Tanya and Joe Espinoza’s handsome home in Garden Ridge stands out as the only contemporary house in the gated community. Perched atop the end of a cul-de-sac, it affords a beautiful view from both the front and the back of the structure. The Espinoza family is new to the neighborhood; they moved in at the beginning of the year. Before that, they lived in New Braunfels. “We wanted to live closer to San Antonio, and we passed this neighborhood every day,” Tanya says. “It was very appealing. We found the right lot and decided to build.” They chose Francisco Mañon as their architect and Jorge Aburto as their builder. Liz Light of LizLight Interiors coordinated the home’s interior design. Tanya knows that the home’s contemporary design is unusual in this area, but it’s quite familiar to her. “We are from Monterrey, so this kind of home design has been used there for more than 10 years,” she says. “Joe and I like it. Living in Monterrey, we had access to many cultural channels from around the world, so we picked up trends quickly. Everything gets to Monterrey before it comes to the States,” she chuckles.

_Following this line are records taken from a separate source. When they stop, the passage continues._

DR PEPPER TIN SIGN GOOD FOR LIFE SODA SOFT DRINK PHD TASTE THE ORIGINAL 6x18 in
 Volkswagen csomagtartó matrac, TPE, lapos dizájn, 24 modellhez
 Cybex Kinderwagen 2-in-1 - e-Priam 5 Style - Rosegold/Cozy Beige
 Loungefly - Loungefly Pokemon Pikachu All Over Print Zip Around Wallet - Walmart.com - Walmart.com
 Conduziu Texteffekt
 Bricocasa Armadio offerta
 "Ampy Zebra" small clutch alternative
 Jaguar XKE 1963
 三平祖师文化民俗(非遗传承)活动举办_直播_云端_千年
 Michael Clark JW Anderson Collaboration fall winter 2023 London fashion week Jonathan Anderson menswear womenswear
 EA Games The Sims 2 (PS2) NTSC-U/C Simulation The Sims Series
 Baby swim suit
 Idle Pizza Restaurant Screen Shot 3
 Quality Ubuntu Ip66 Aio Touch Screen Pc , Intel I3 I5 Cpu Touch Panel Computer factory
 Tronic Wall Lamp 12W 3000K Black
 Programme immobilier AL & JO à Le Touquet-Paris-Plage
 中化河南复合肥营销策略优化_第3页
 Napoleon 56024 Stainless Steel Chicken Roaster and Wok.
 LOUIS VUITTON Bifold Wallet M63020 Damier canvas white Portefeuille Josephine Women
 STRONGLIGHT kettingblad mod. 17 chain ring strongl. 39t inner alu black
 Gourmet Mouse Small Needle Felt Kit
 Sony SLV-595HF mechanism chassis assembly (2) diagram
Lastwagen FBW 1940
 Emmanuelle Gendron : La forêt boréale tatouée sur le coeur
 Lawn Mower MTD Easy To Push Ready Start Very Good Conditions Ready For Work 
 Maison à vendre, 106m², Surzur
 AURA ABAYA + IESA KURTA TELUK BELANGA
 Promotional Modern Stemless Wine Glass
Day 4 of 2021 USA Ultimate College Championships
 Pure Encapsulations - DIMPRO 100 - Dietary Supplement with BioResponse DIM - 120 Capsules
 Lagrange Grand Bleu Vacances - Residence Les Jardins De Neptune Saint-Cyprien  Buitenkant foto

The focal point for the home was family entertaining. “We have three very young children and lots of family that comes to visit,” Tanya says. “We wanted the design to be beautiful but flexible enough to meet everyone’s needs.”
So many choices
When it comes to building a home, there are so many choices to be made. “Liz helped us choose the materials for the house,” Tanya says. “We had some ideas from looking through the Internet, but Liz was able to lay out samples for us to see and feel. We had a clear idea of what we wanted; after looking at samples, she took us to her supplier to pick everything.” They chose stucco and stone for the exterior elevation. The imposing front door is of wood with thin horizontal slats of frosted glass. Crossing the threshold into the soaring rotunda, visitors are struck by the magnificent chandelier sparkling from the ceiling. “All the lighting came from Lighting Inc.,” says Liz. “This particular chandelier is a teardrop design with 13 layers of crystals. The circular design echoes the shape of the rotunda.” Two art niches backed in cut travertine provide foils for the art they display. “I think the travertine adds texture and reflects the color palette we used in the house,” Liz says. The curved staircase winds upstairs, bringing visitors to eye level with the chandelier. It’s as impressive up there as it is down below.
Family media room
To the right of the foyer are Joe’s home office and a guest room. The star of this wing, though, is the family’s media room with theater seating and a 60-inch flat screen television. The back of the room features a refrigerator, microwave, sink and popcorn machine. “For us, this takes the place of a traditional family room,” Tanya says. “We love to hang out here in the evenings.” When the grownups want to entertain their friends in the media room, the kids can go next door to the game room. This large space offers room for rough and tumble play, art projects and video games. One wall features a triptych of a Mexican train. Three large velvet rectangles spaced on the adjoining wall serve as display boards for art and crafts. When it’s time for cleanup and snacks, there’s a kitchen and sink in the corner of the room.
Elegant living and dining
The elegant living room is an open plan with a soaring two-story ceiling. The north wall consists of several industrial-grade store-front windows that flood the room with light. The room is floored with dark Brazilian chestnut planks that wrap up the eastern wall. Across the room, the wall is constructed of mosaic stone tile. At the center of the wall is a gas fireplace with a family portrait above. A baby grand piano corners the room, backing up to glass sliders that open onto the rear patio. Above the piano hangs an impressive trio of ball-shaped chandeliers in three sizes. Black leather seating divides the room into leisure and dining spaces. The long dining table is custom made of plank walnut and seats eight. Six upholstered chairs in neutral tones flank the table, and two wing chairs in patterned upholstery sit at either end. A horizontal S-shaped crystal fixture lights the area. The kitchen is the heart of this home, and it is where Tanya and her children spend much of the day. A pocket door opens from the hall into this spacious, airy room. Knotty alder cabinetry provides lots of storage. For the busy mom, the Viking appliances make meal preparation a snap. The double-wide freezer and refrigerator, microwave, steam oven and warming drawer see lots of activity during family gatherings. The Thermador coffee bar is popular, too.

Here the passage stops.